TASK INSTRUCTIONS - All that is wanted is the exact text of the lines below from the one with "med stjärnhimmel, vit" through the one with "A wooden cabin", inclusive, minus any pictures.

SOURCE DATA -
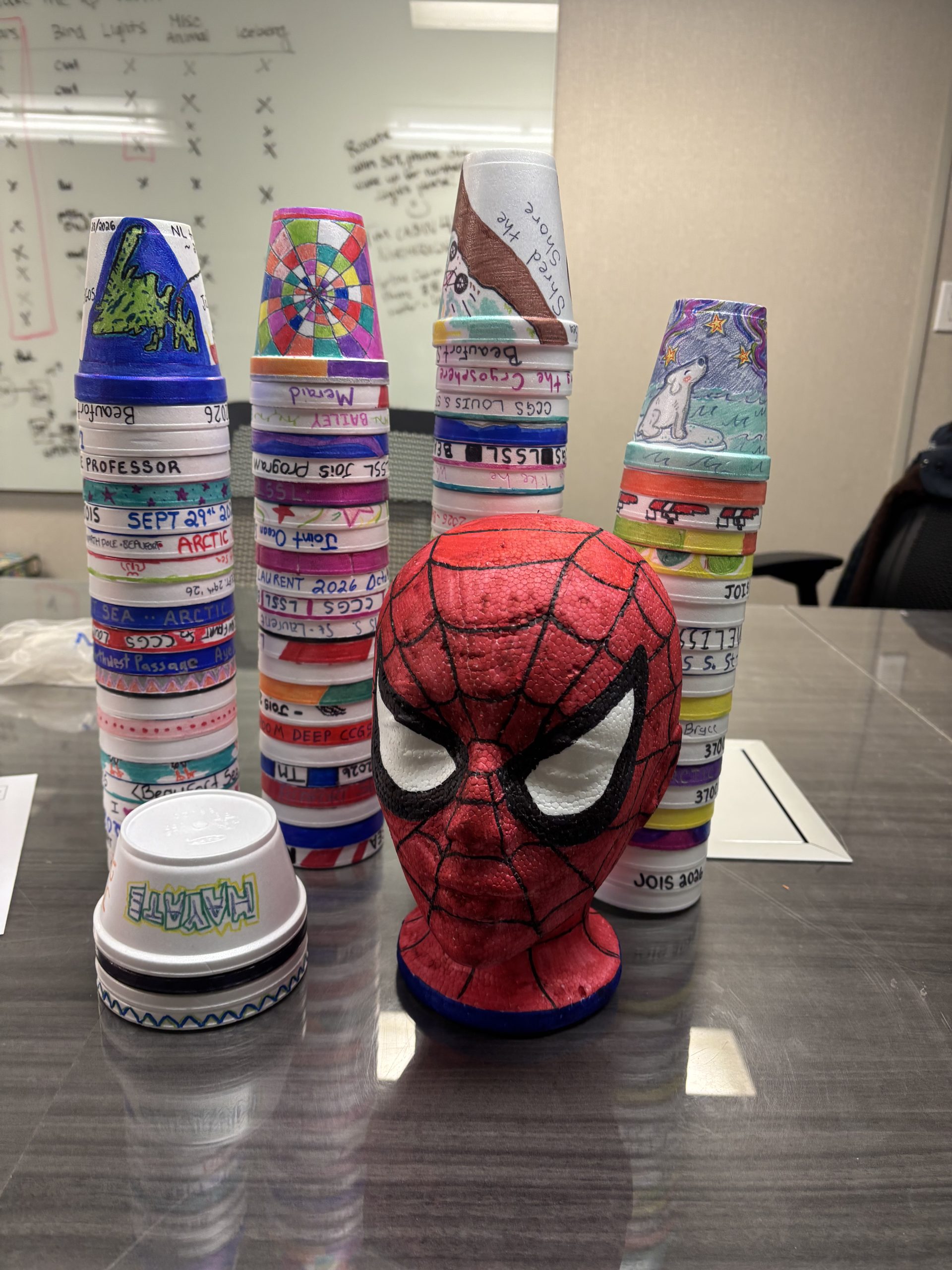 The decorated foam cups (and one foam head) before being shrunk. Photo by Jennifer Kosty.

--

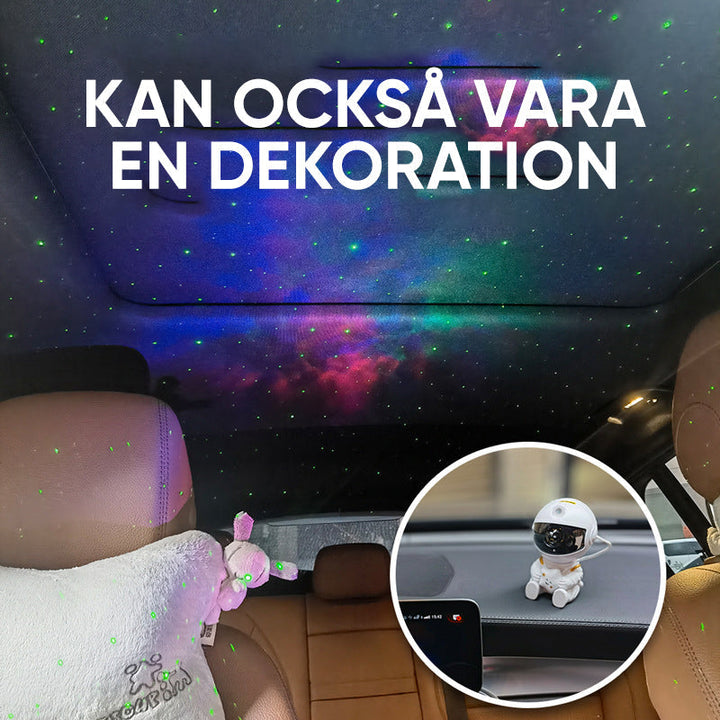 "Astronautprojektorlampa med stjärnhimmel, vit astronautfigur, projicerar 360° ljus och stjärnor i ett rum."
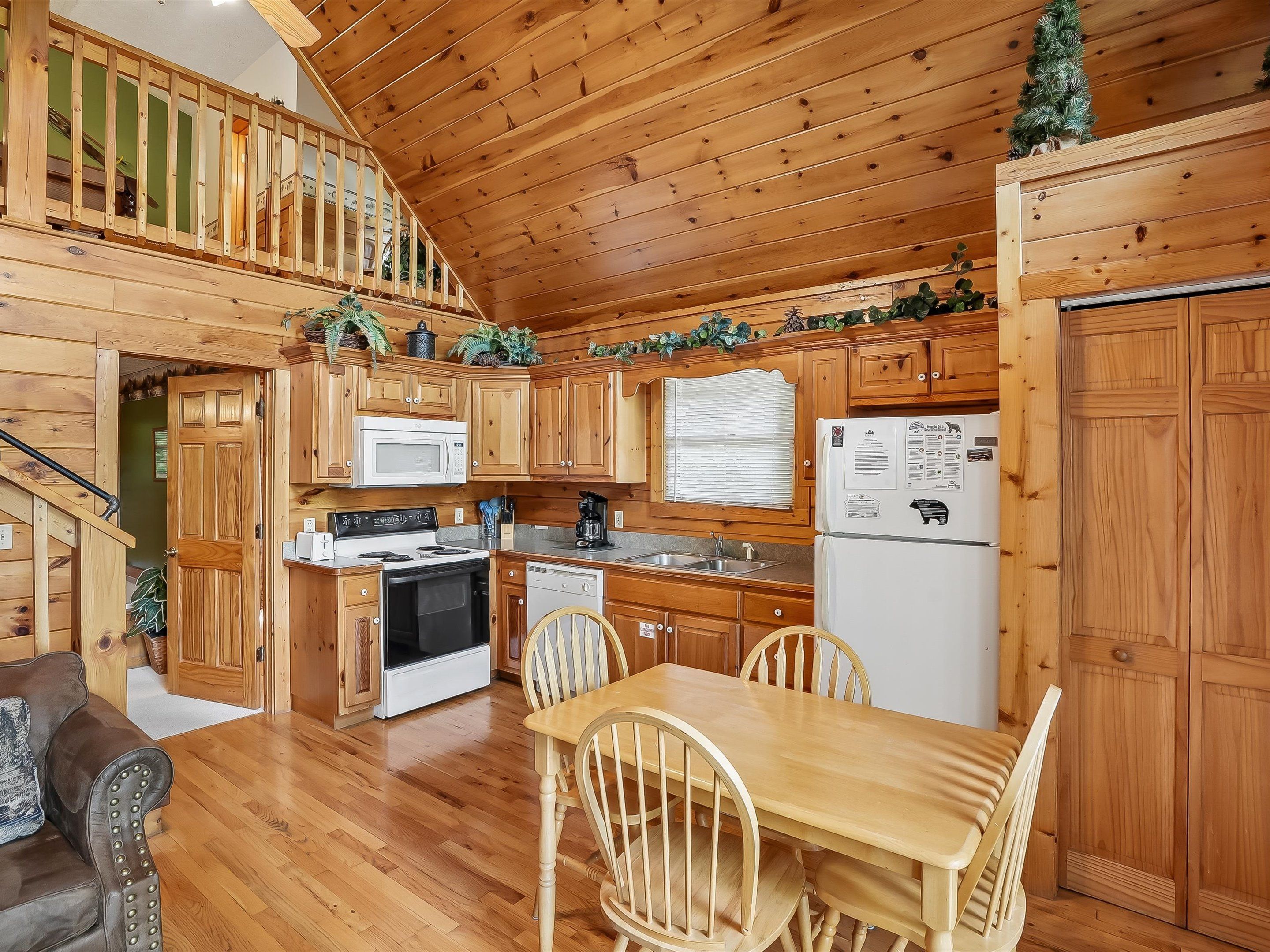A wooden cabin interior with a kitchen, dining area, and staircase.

--

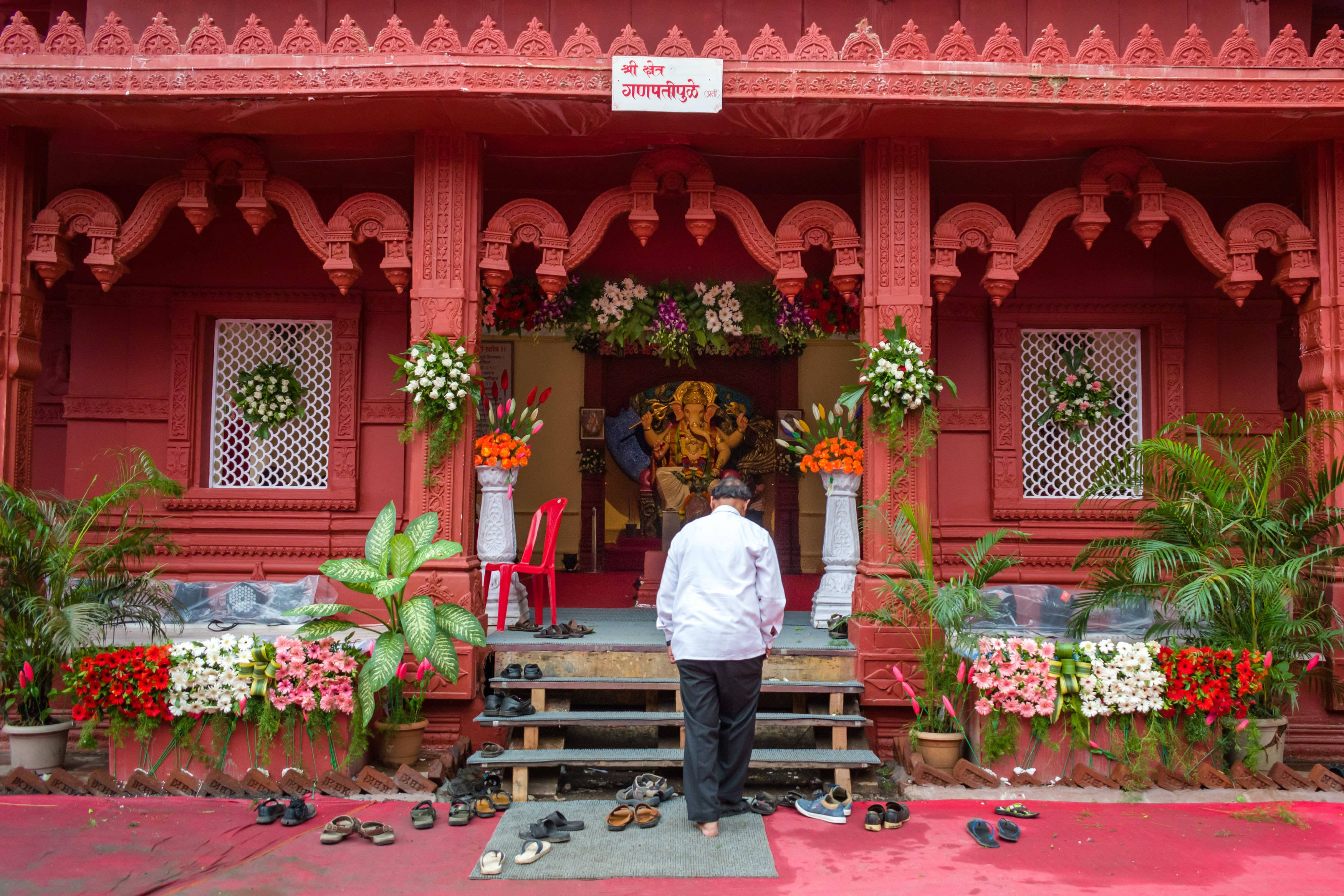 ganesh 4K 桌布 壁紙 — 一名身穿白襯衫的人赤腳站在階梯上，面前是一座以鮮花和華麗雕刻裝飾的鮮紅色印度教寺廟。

ANSWER FOR THE TASK -
 "Astronautprojektorlampa med stjärnhimmel, vit astronautfigur, projicerar 360° ljus och stjärnor i ett rum."
A wooden cabin interior with a kitchen, dining area, and staircase.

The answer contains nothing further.